'''
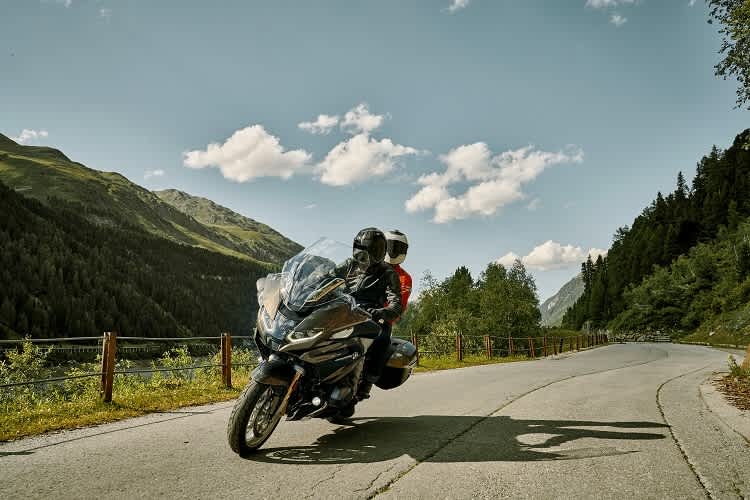 BMW R1250RT: Seit 40 Jahren steht das Kürzel RT für komfortables und fahrdynamisches Reisen mit dem Motorrad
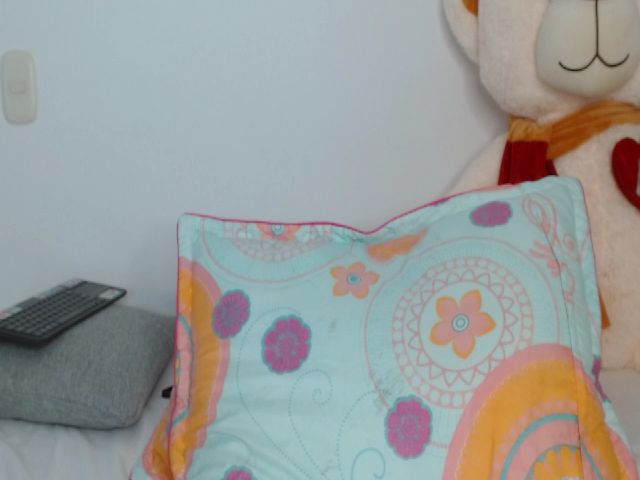 Live sex webcam photo for lina_castillo #257281031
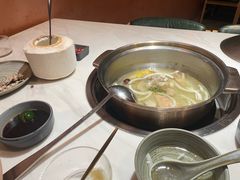 -喃喃椰·糟粕醋·椰子鸡火锅(七堡花园店)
'''
* _WHAT THE TASK REQUIRES_
The required answer is an exact copy of the lines from the one containing "Live sex webcam" through the last line of the material, with the pictures removed.

* _SOLUTION_
 Live sex webcam photo for lina_castillo #257281031
 -喃喃椰·糟粕醋·椰子鸡火锅(七堡花园店)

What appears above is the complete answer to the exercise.